Toyo Ito : influential Japanese architect , Toyo Ito about natural beauty, longevity and golf

Toyo ito is one of the most influential architects of our age but he describes himself as a young architect. He keeps his mind young and flexible by communicating with everyone (staffs), having no hierarchy between him and the staff.  He talks in suggestions from everybody including engineers and all the staff. He takes it all in and work from there as he believes that everyone can come and contribute something. From his attitude of working together with co workers, I have learnt that every single comments must be taken into the work and that I should value everyones comments about our design especially sean and Jisun who are working with me. Everything starts as really vague and undefined but e is more interested in the process of creation, excited about how design might happen. The idea goes to a different place and changes and then the whole process happens again and again, allowing the design to keep on moving.
He is more interested in the effect or the physical response that the material might produce. Asking himself, ‘what is the substance of the material.’ His response to the insubstantial digital age is finding  a bodily abstraction that is more about the whole human body rather than just about vision. He wants his architecture to be primitive, something where human beings have a direct relationship with the work.  Nowadays, people tend to photograph buildings before people and furniture but he believes that photographs should take natural view of the buildings. He believes that the architecture should be in the way that people move around and experience the space and that is what must somehow be captured by photographs. He believes that the city and nature are not really two different things, but rather be one thing, working as one. The city and nature should be mixed up together so it becomes very difficult to even distinguish them so he takes different side to this quote said by a famous writer, ‘while nature is beautiful, in fact, the city is the most beautiful thing in existence.’

The relationship between a building’s materials and human activity

Eg. Steel: he doesn’t want it to have an artificial quality so he rather gives it a feeling of warmth.

Sendai mediathesque

Sendai mediatheque is a center for activities in the fields of art and film, serving as a public facility to help people freely exchange information with each other through various media and learn how to use that information.
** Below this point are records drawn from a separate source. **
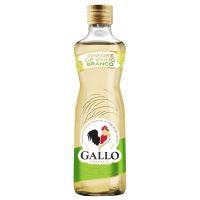Vinagre Gallo Vinho Branco Vidro 250ml - Cod. 5601252105991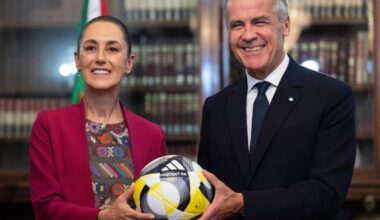 Canada's Carney heads to Mexico to discuss trade with Sheinbaum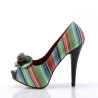 Pin Up Couture LOLITA-12 Serape Print Fabric Sale Women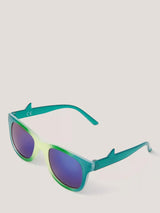 John Lewis Monsoon Baby Ombre Shark Sunglasses, Green- Buy online at McGrocer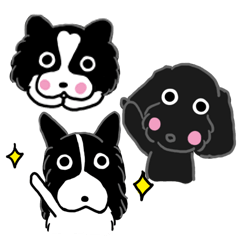 [LINEスタンプ] らり’s family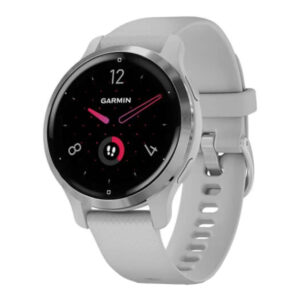 Smartwatch Garmin Venu 2S, 40 mm, GPS, Wi-Fi, rama Silver, carcasa si curea Mist Grey Smartwatch Garmin Venu 2S, 40 mm, GPS, Wi-Fi, rama Silver, carcasa si curea Mist Grey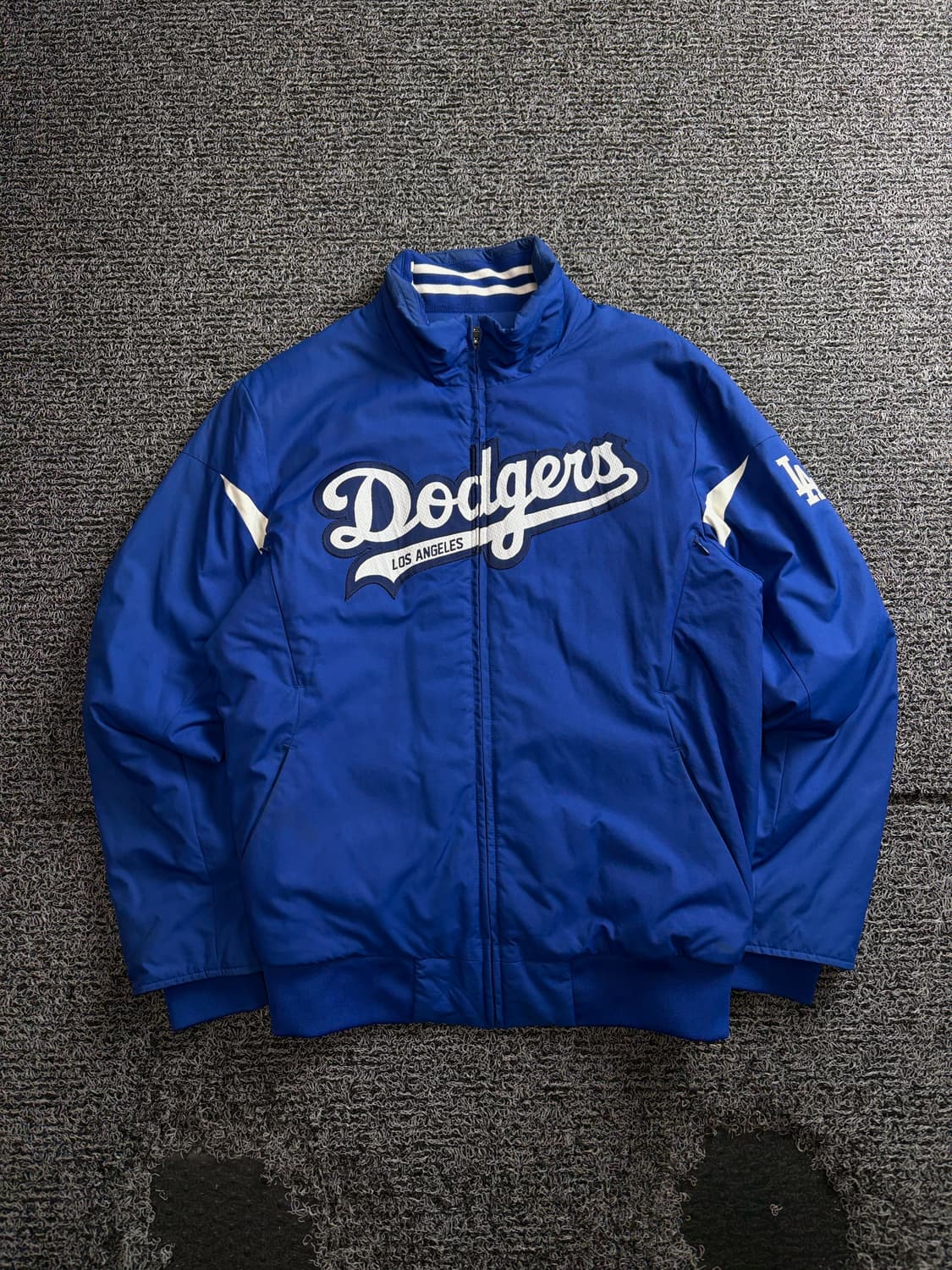 MLB LA 다져스 빅로고 스타디움 자켓 3900 상품이미지2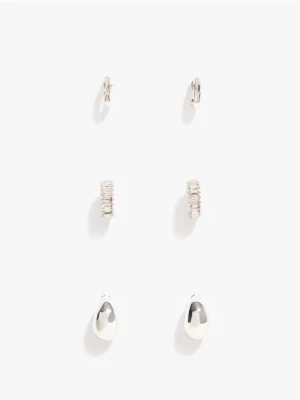 Mohito - Zestaw kolczyków - srebrny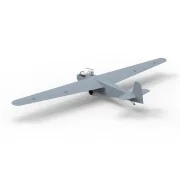 German Tactical Assault Glider DFS 230 B-1 w/Fallschirmjäger (4 Fig... German Tactical Assault Glider DFS 230 B-1 w/Fallschirmjäger (4 Fig...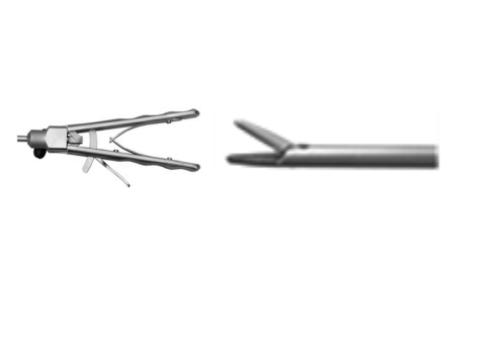 Straight Axial Handle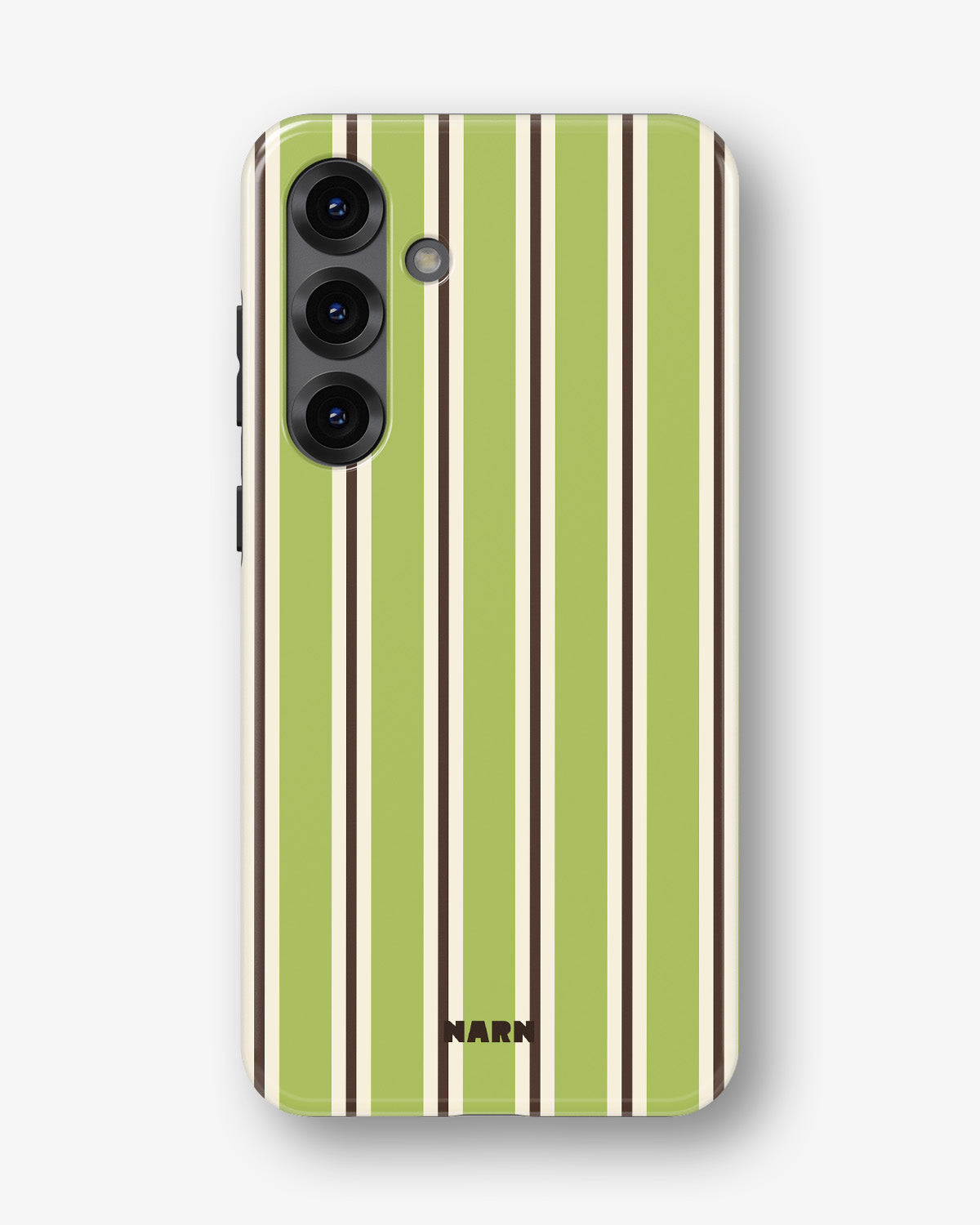 Samsung Galaxy A36 Tough Case – Matcha Lines - View 1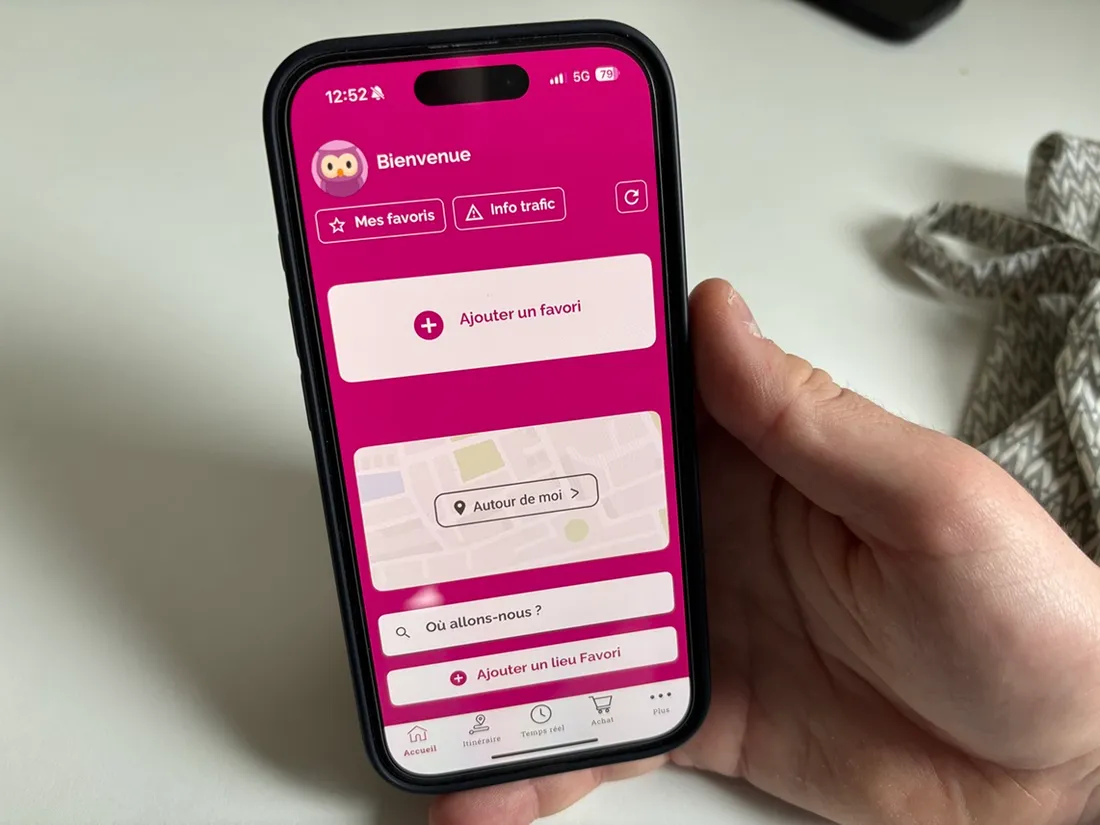 Divia a lancé sa nouvelle application 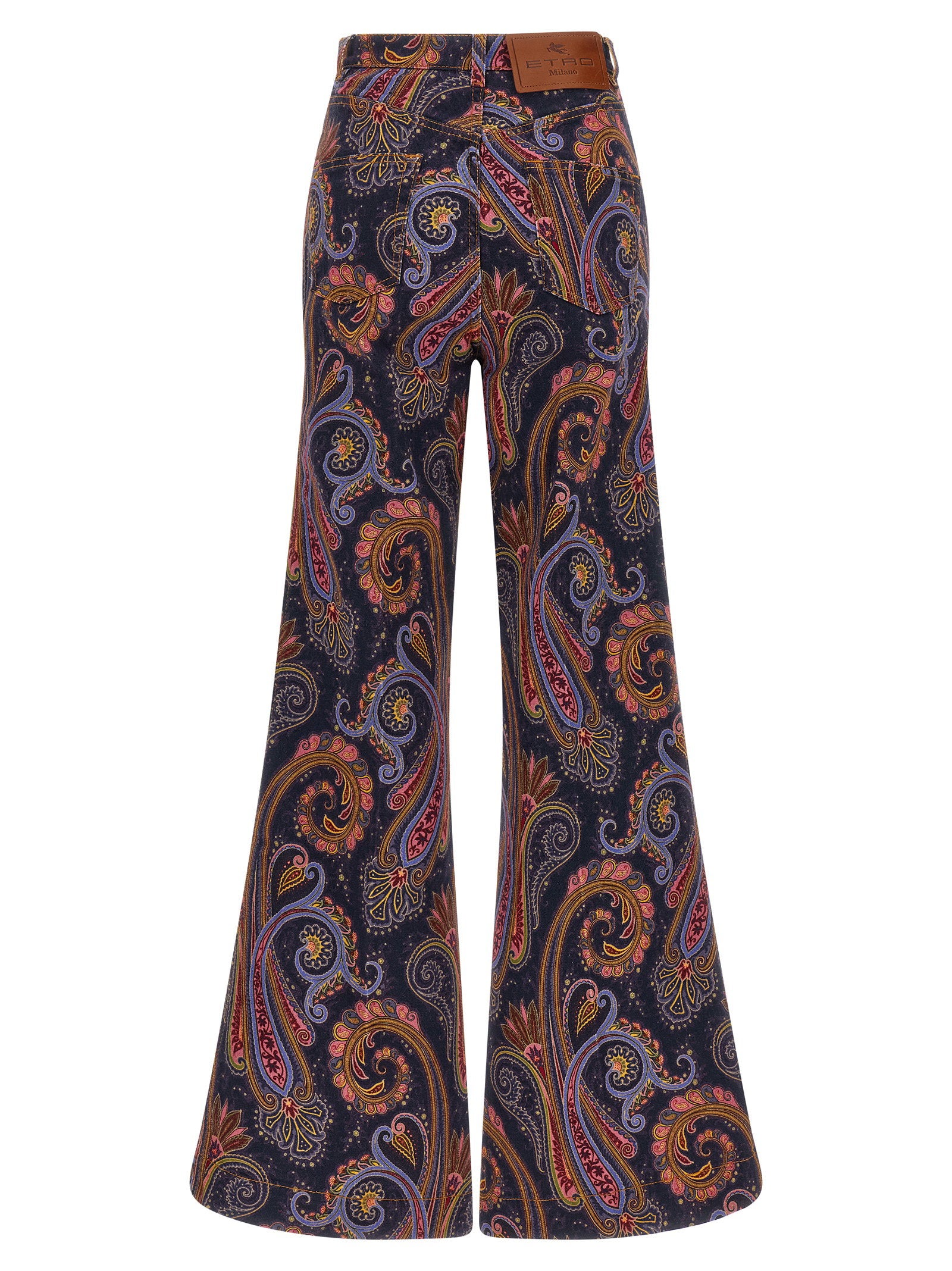 Etro Jeans Paisley – 97% cotton, 3% elastane - view 2
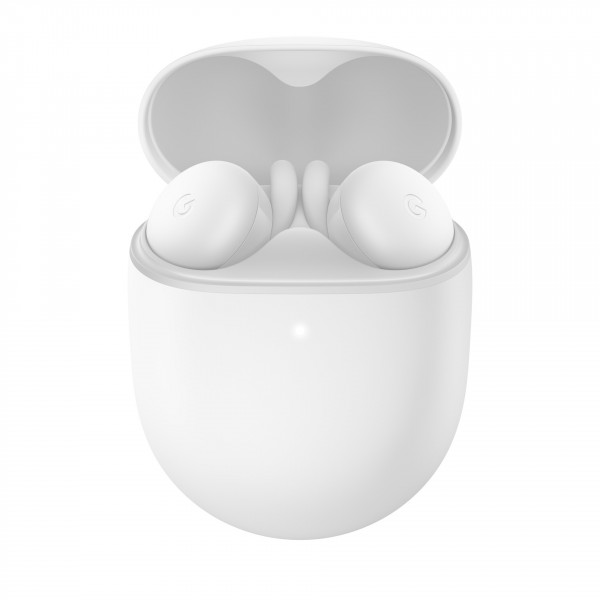 Google Pixel Buds A-Series, Clearly White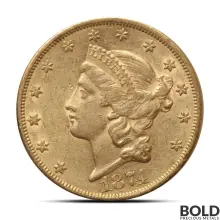 $20 Liberty Double Gold Eagle Coin (XF)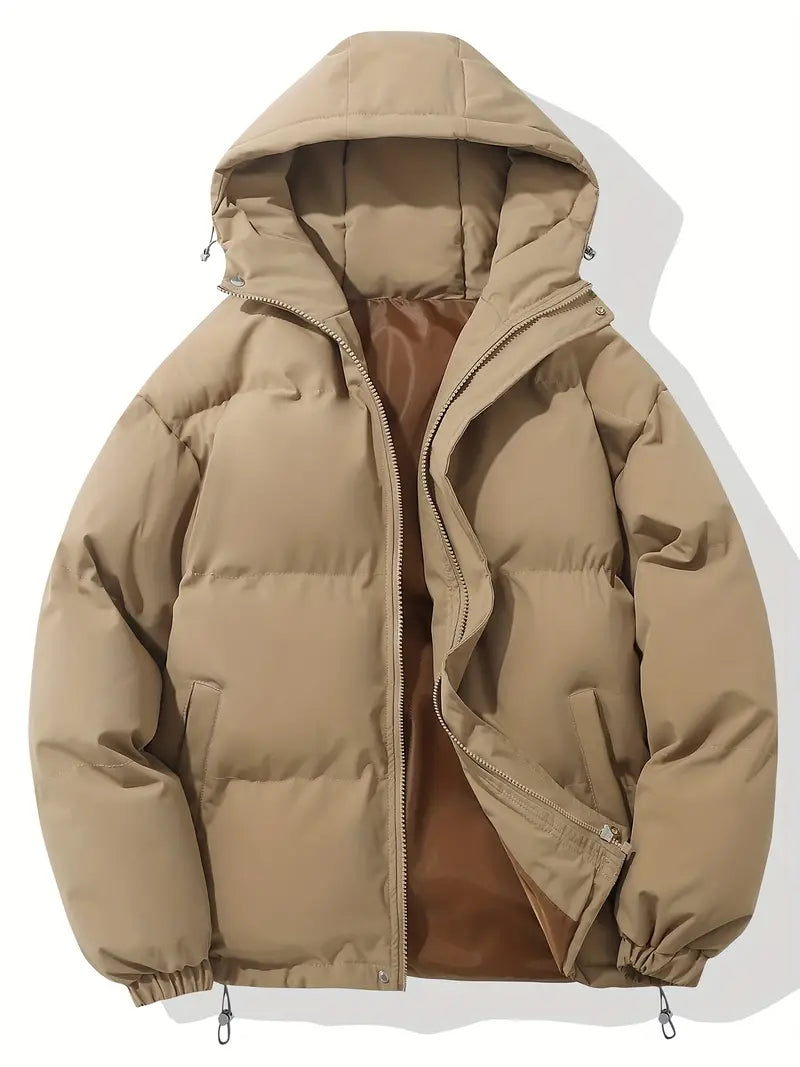 Helvano | Warme Kapuzenjacke für Damen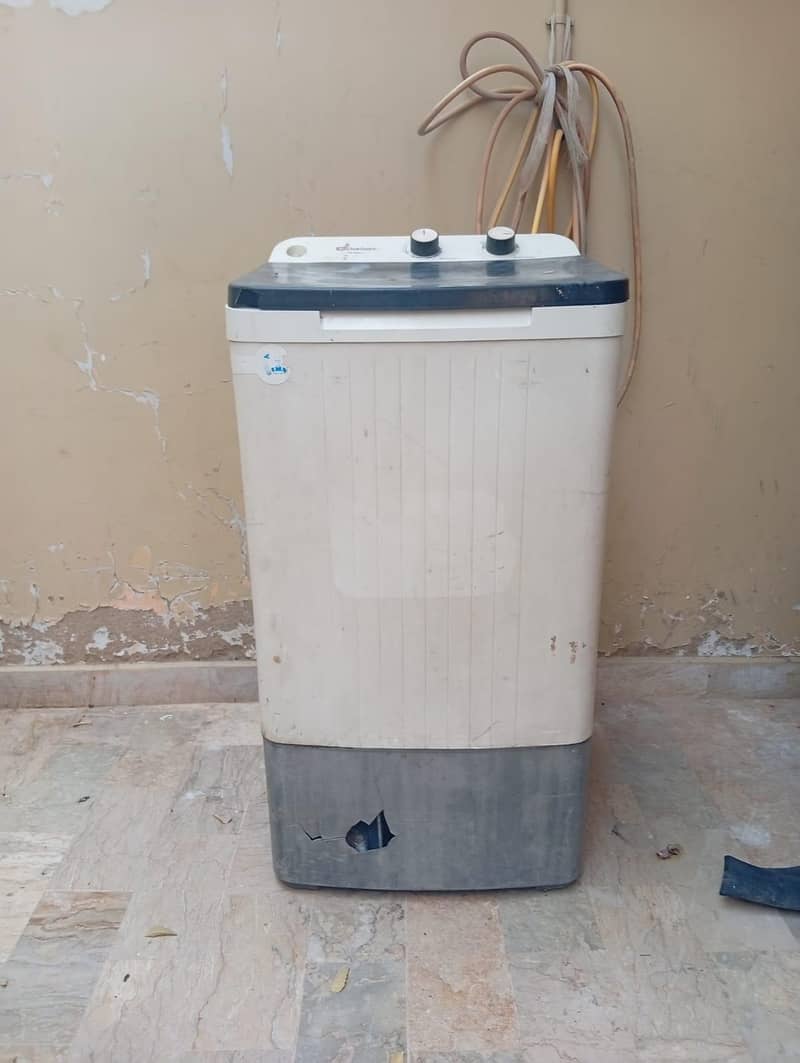 haier washing machine 4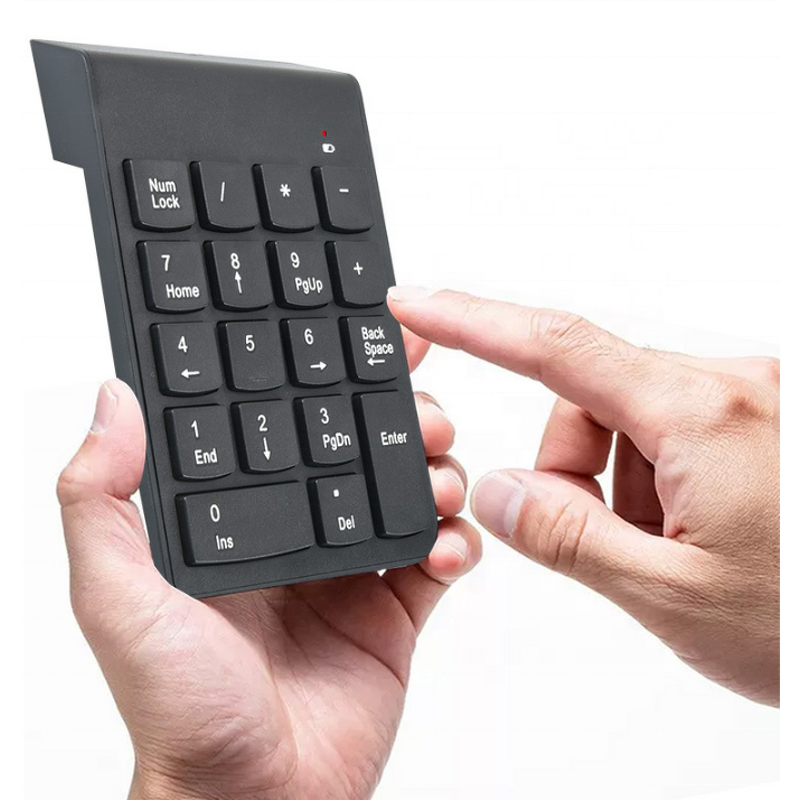 Wireless Numeric Keyboard Manufacturer - OEM Numeric Keypad USB 2.4G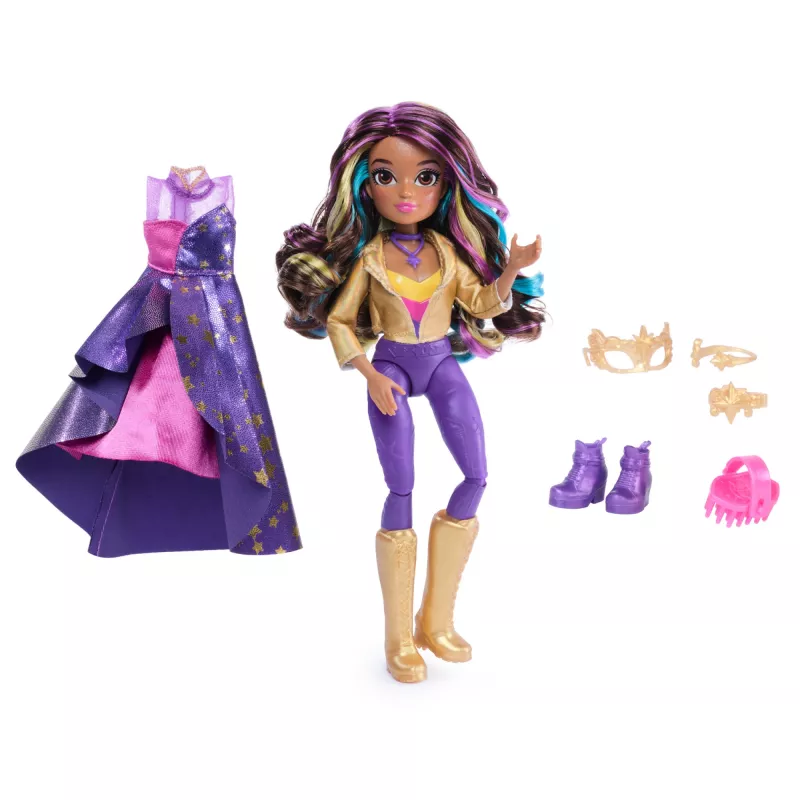 Fashion doll Spinmaster Unicorn Academy Sophia Masquerade 241mm Multicolour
At the beginning, plans called for a multifunctional facility comprised of a library, gallery, visual media center that also contained services to aid the sight-and hearing-impaired.subsequently, plans changed so that instead of simply being a “mixed-use” facility, it was intended to encompass a larger sphere of functions that would allow the facility to operate as a unified “mediatheque” with common goals to respond to a continuously changing information environment and users’ diverse needs.the “sendai mediatheque will gather, preserve, exhibit, and present various forms of media without being bound to form or type. this public facility for the 21st century will, through various functions and services, be able to support the cultural and educational activities of its users.
 
The Mediatheque is located on a tree-lined avenue in Sendai, its transparent facade allowing for the revelation of diverse activities that occur within the building. Along this main facade the six 15.75-inch-thin floor slabs seem to be floating within the space connected only by the 13 vertical tube steel lattice columns that rise up from ground floor to roof, similar to the trunks of trees of a forest. The tubes are both structure and vector for light and all of the utilities, networks and systems that allow for technological communication and vertical mobility, including elevators and stairs. Each vertical shaft varies in diameter and is independent of the facade, allowing for a free form plan which varies from floor to floor.